▸ **About this task**
Take the entries below and reproduce exactly the portion that begins at the line containing "Woman in a light" and ends at the line containing "man in front of whiteboard", keeping both ends, dropping pictures, and adding nothing else.

▸ **Supplied material**
== Segment start ==

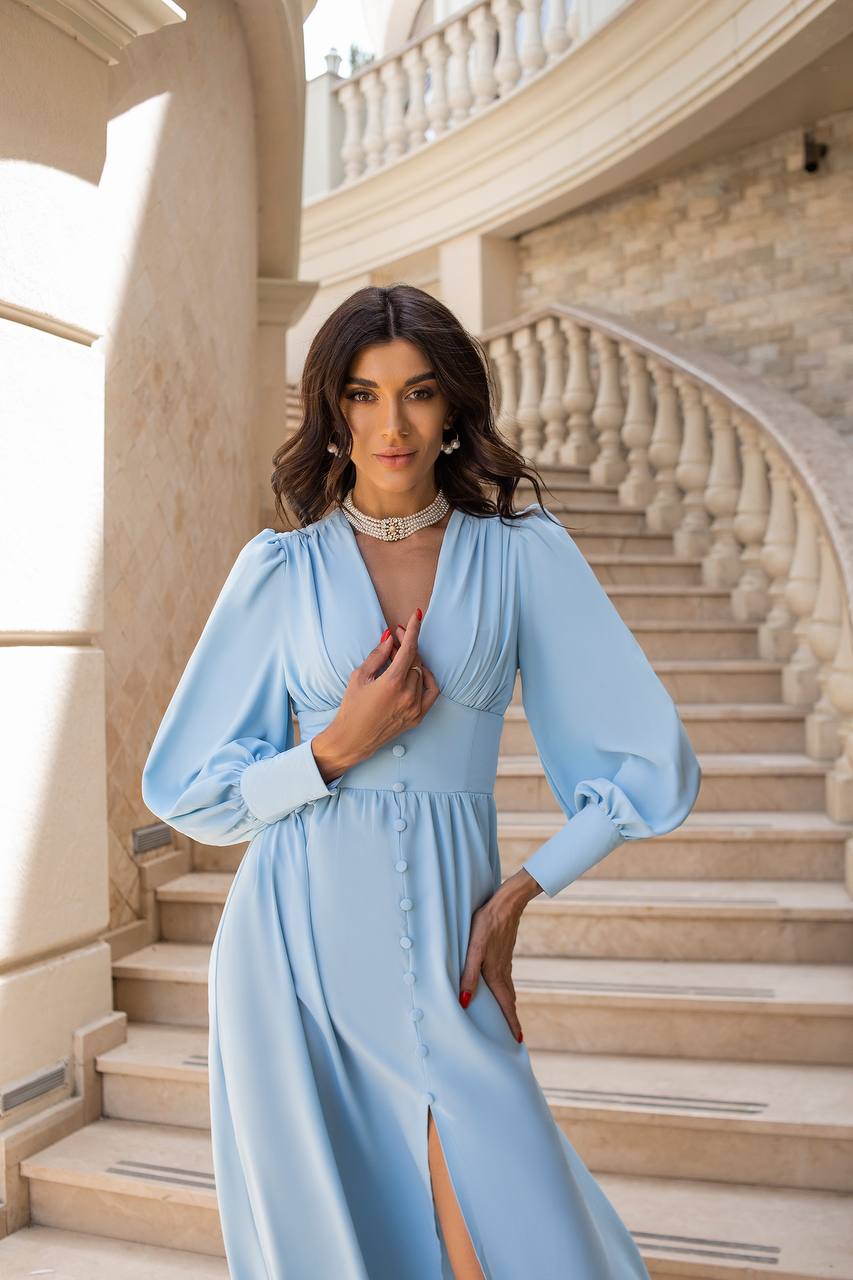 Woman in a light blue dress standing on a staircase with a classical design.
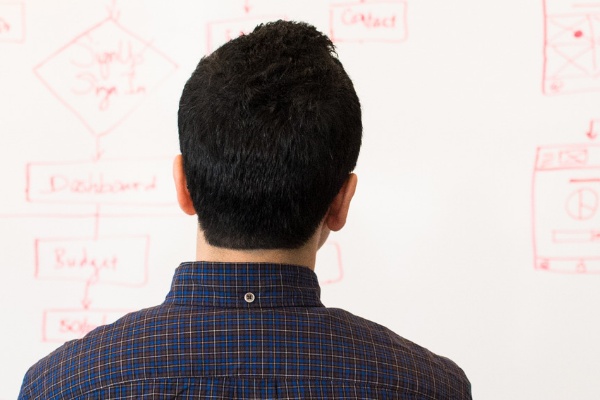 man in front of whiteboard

== Segment end ==
== Segment start ==

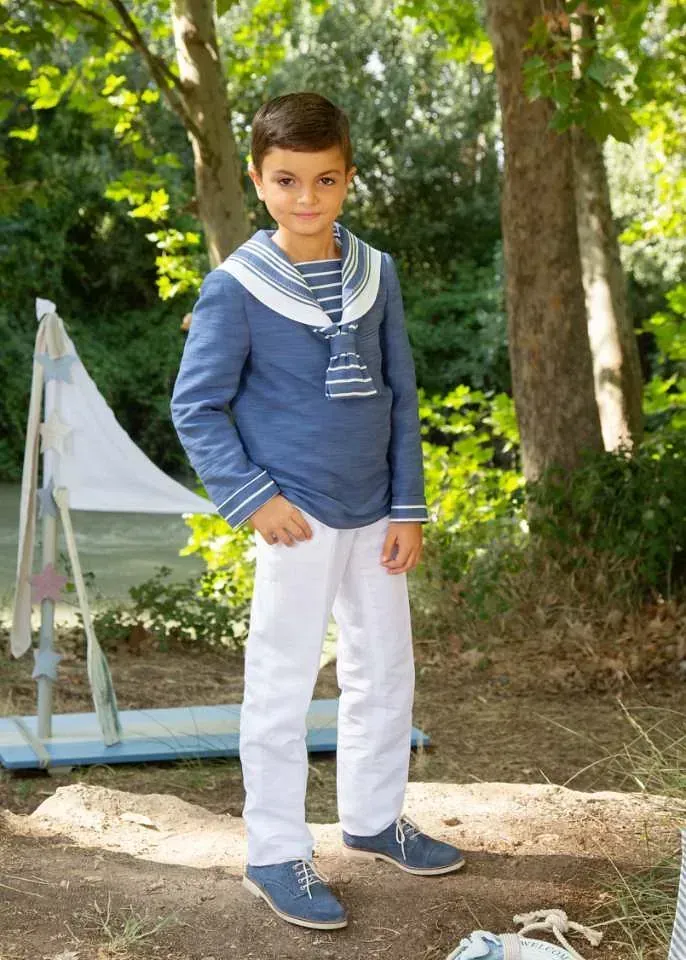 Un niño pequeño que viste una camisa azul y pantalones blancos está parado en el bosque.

== Segment end ==

▸ **Output of the exercise**
 Woman in a light blue dress standing on a staircase with a classical design.
 man in front of whiteboard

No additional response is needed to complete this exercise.